[Data entries]
---+---

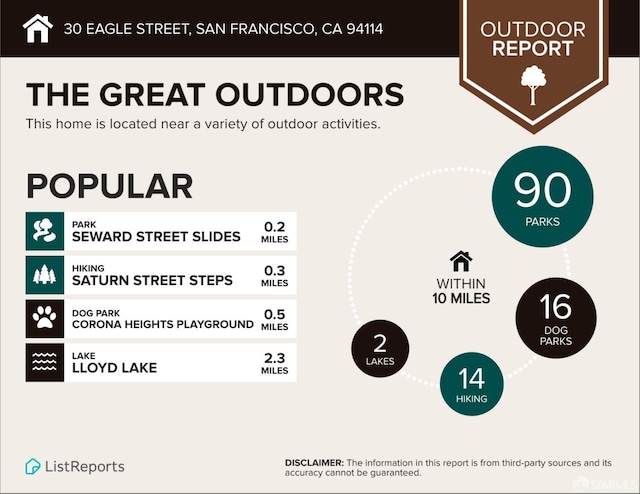30 Eagle St, San Francisco, CA 94114 - view of miscellaneous document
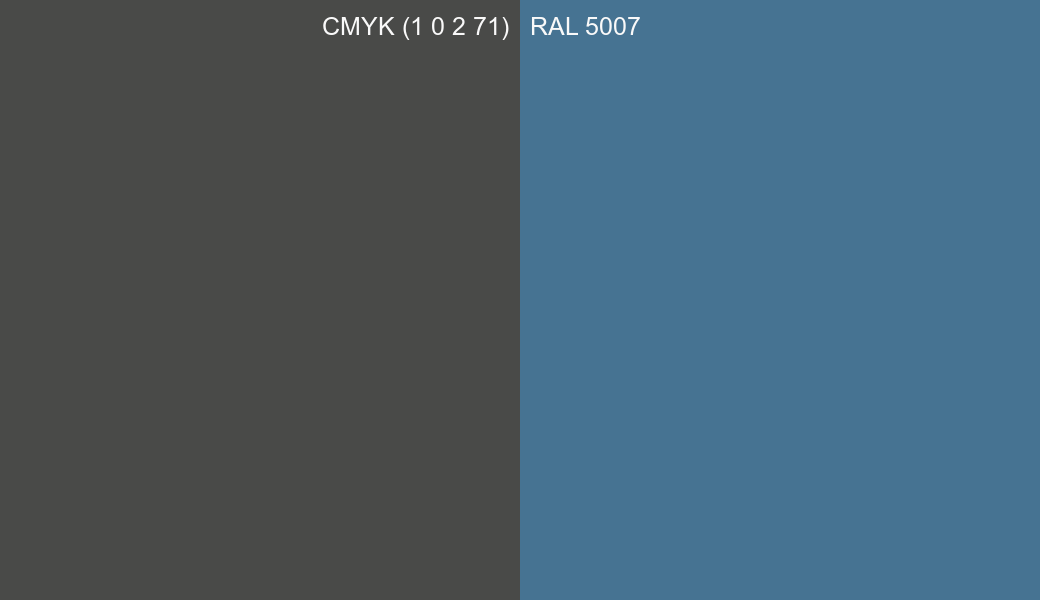 CMYK Color CMYK (1 0 2 71) vs RAL 5007 side by side comparison CMYK Color CMYK (1 0 2 71) vs RAL 5007 side by side comparison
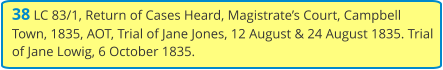38 LC 83/1, Return of Cases Heard, Magistrate’s Court, Campbell Town, 1835, AOT, Trial of Jane Jones, 12 August & 24 August 1835. Trial of Jane Lowig, 6 October 1835.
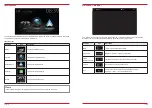 Preview for 6 page of ZENEC Z-N528 User Manual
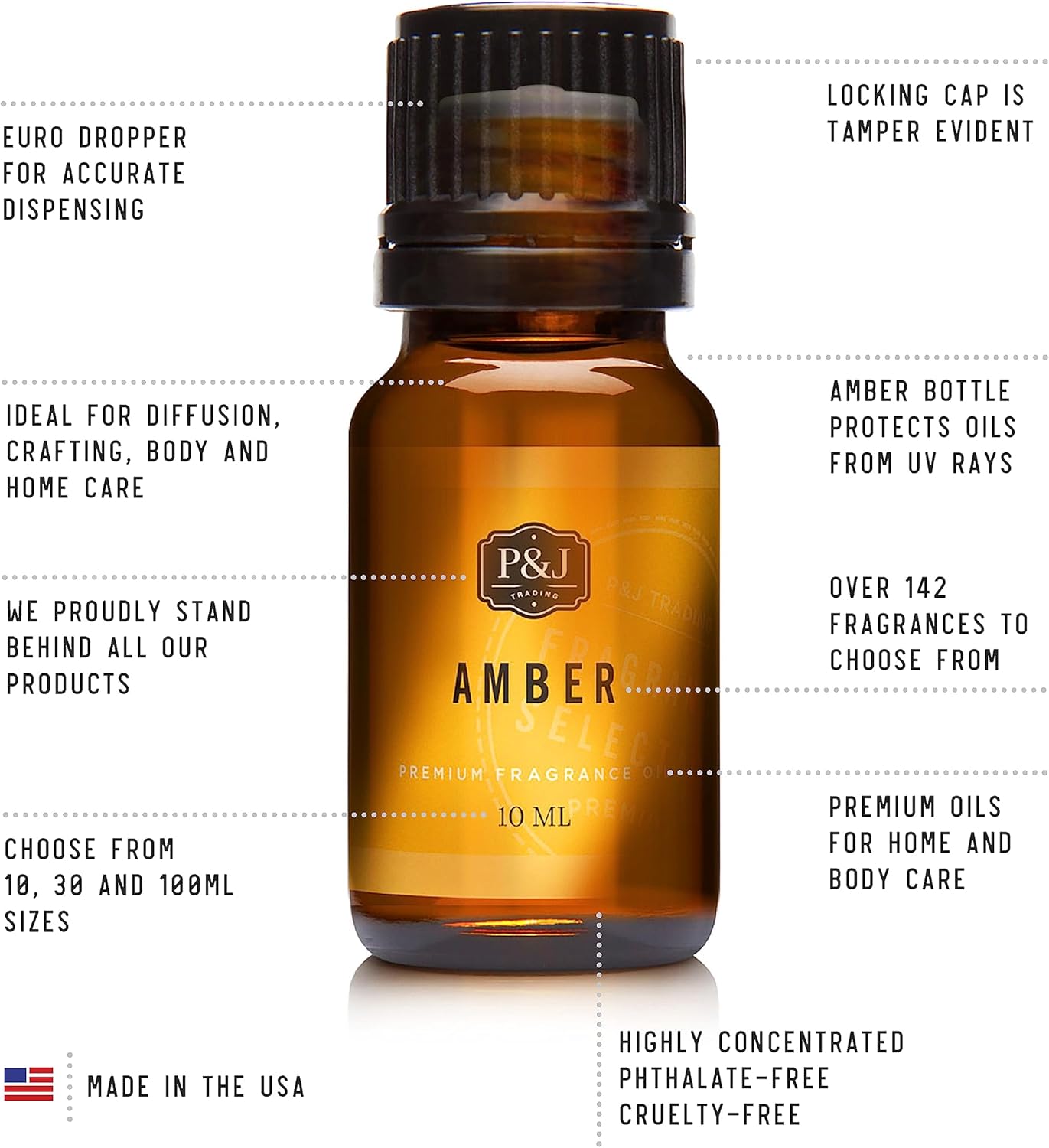 P&J Fragrance Oil | New Car Oil 30ml - Candle Scents for Candle Making, Freshie Scents, Soap Making Supplies, Diffuser Oil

---+---

• **GOAL OF THE EXERCISE**
Pictures should be left out when the records above are restated exactly.

• **EXPECTED ANSWER**
30 Eagle St, San Francisco, CA 94114 - view of miscellaneous document
 CMYK Color CMYK (1 0 2 71) vs RAL 5007 side by side comparison CMYK Color CMYK (1 0 2 71) vs RAL 5007 side by side comparison
38 LC 83/1, Return of Cases Heard, Magistrate’s Court, Campbell Town, 1835, AOT, Trial of Jane Jones, 12 August & 24 August 1835. Trial of Jane Lowig, 6 October 1835.
 Preview for 6 page of ZENEC Z-N528 User Manual
 P&J Fragrance Oil | New Car Oil 30ml - Candle Scents for Candle Making, Freshie Scents, Soap Making Supplies, Diffuser Oil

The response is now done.